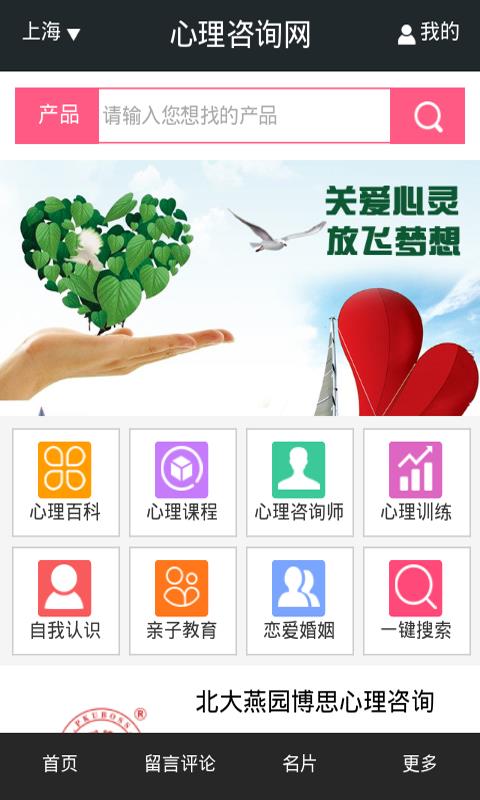 心理咨询网  v1.2图4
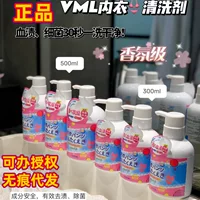 Подлинный vml нижнее белье Очиститель жидкость новый стиль нижнее белье трусики облегающая одежда новый стиральный порошок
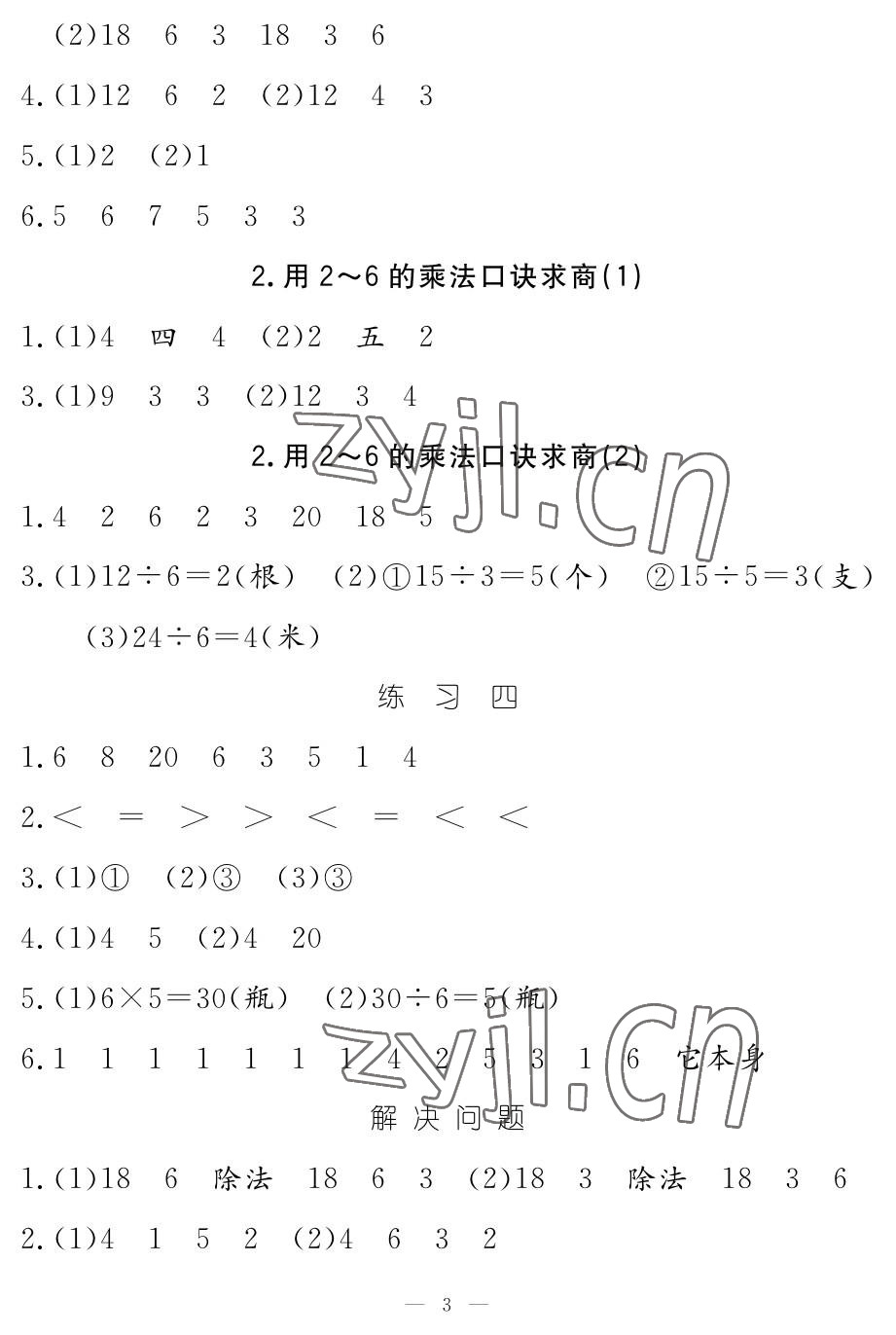 2023年5加2輕松練二年級數(shù)學(xué)下冊人教版 參考答案第3頁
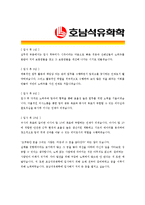 [호남석유화학 - 공채] 합격자기소개서-4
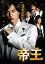 帝王 ホスト編【邦画 中古 DVD】メール便可 ケース無:: レンタル落ち 299円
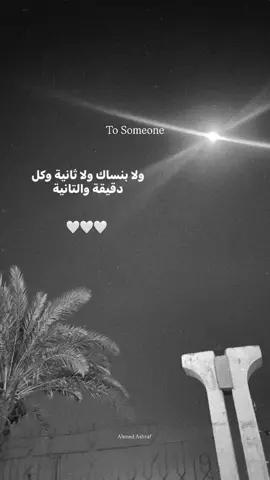 🤍…. #ahmeedashraf120 #fyyyyyyyyyyyyyyyyyyy #fyyyyyyyyyyyyyyyy #video #trendingvideo #فيديوهات_احمد_اشرف #تامر_عاشور 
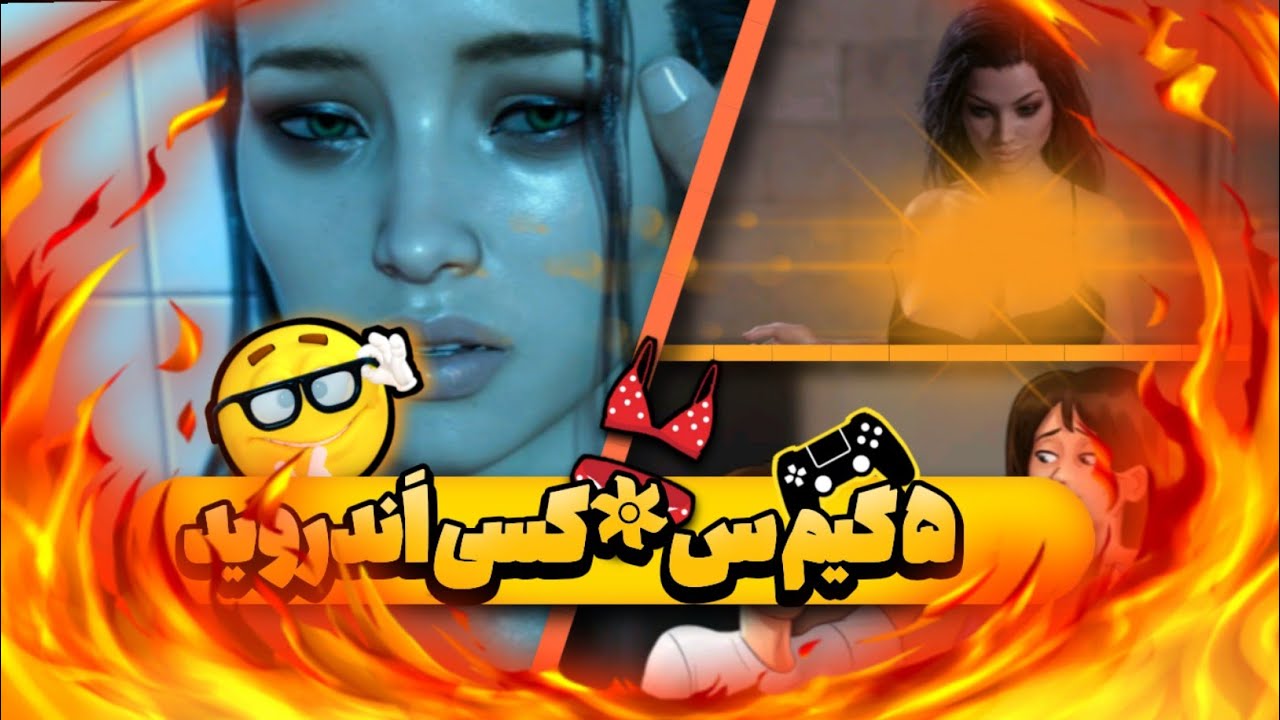 ۵ تا از بهترین گیم های سکسی اَندروید Youtube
....
Leaving out all pictures, repeat word for word the lines from the one containing "Подлинный vml нижнее" through the final line of the material above.

▶ Exercise output
 Подлинный vml нижнее белье Очиститель жидкость новый стиль нижнее белье трусики облегающая одежда новый стиральный порошок
 2023年5加2輕松練二年級數(shù)學(xué)下冊人教版 參考答案第3頁
 [호남석유화학 - 공채] 합격자기소개서-4
 帝王 ホスト編【邦画 中古 DVD】メール便可 ケース無:: レンタル落ち 299円
 🤍…. #ahmeedashraf120 #fyyyyyyyyyyyyyyyyyyy #fyyyyyyyyyyyyyyyy #video #trendingvideo #فيديوهات_احمد_اشرف #تامر_عاشور 
 ۵ تا از بهترین گیم های سکسی اَندروید Youtube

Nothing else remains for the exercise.